Caption-style text data:
- - -
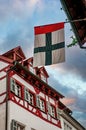 Flag of Konstanz against half-timbered historical house in the center of Konstanz City, Baden-Wurttemberg, Germany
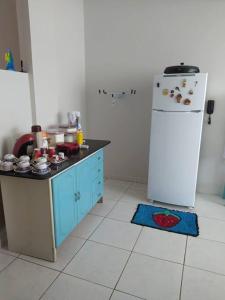 a kitchen with a counter and a refrigerator in it at Apartamento com VISTA MAR , no centro da Ilha de Guriri in São Mateus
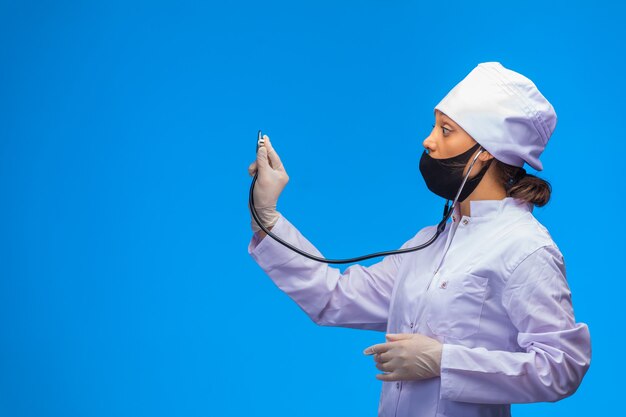 Joven enfermera en mascarilla negra comprueba al paciente con estetoscopio sobre fondo azul.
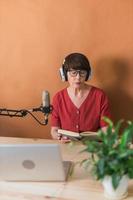Mature woman making podcast recording for her online show. Attractive business woman using headphones front of microphone for a radio broadcast photo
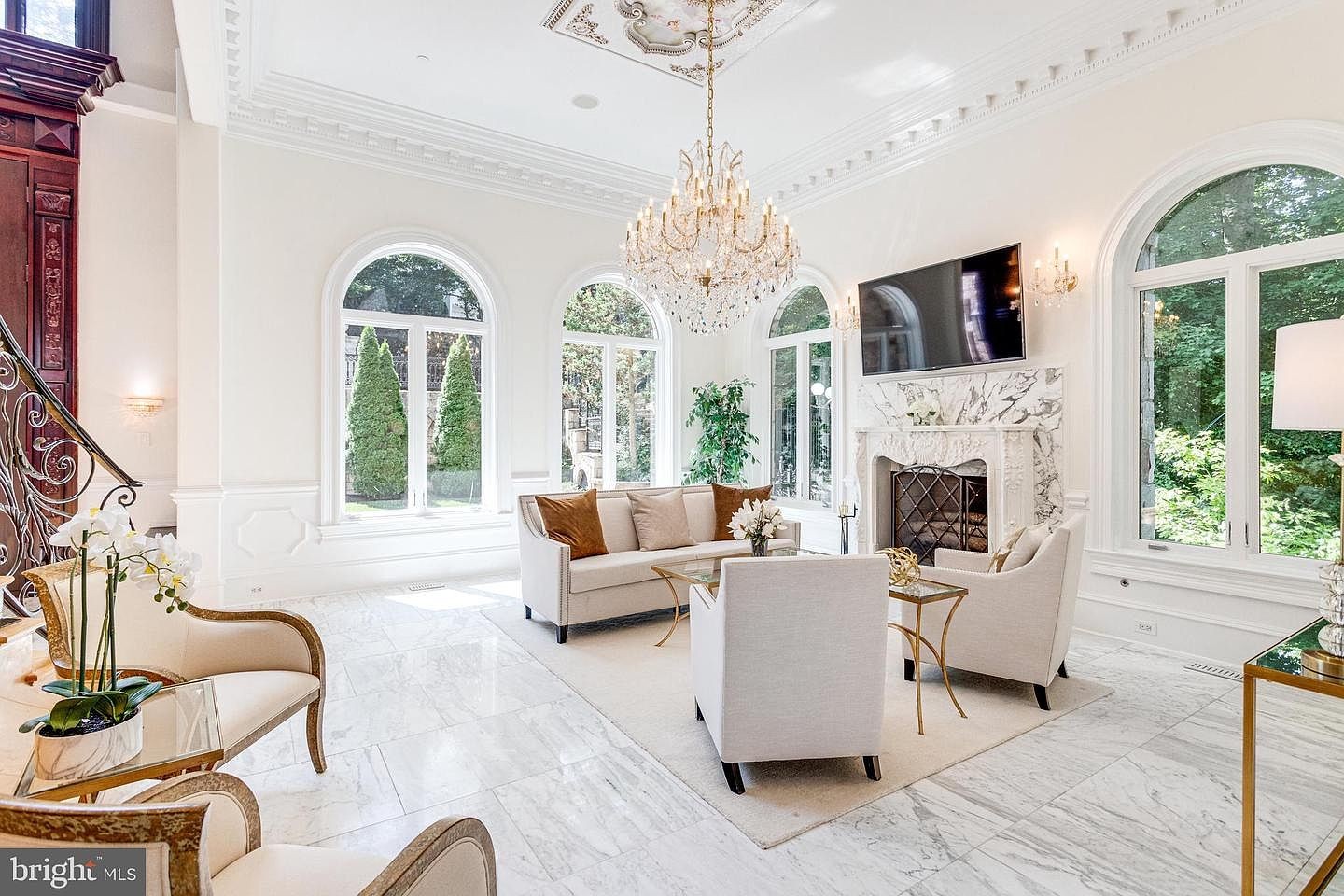 Formal living room with chandelier, carved marble fireplace and seating beside the grand staircase.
- - -
EXERCISE DESCRIPTION:
Give back the records above word for word, minus any image they hold.

COMPLETED TASK:
 Flag of Konstanz against half-timbered historical house in the center of Konstanz City, Baden-Wurttemberg, Germany
 a kitchen with a counter and a refrigerator in it at Apartamento com VISTA MAR , no centro da Ilha de Guriri in São Mateus
 Joven enfermera en mascarilla negra comprueba al paciente con estetoscopio sobre fondo azul.
Mature woman making podcast recording for her online show. Attractive business woman using headphones front of microphone for a radio broadcast photo
 Formal living room with chandelier, carved marble fireplace and seating beside the grand staircase.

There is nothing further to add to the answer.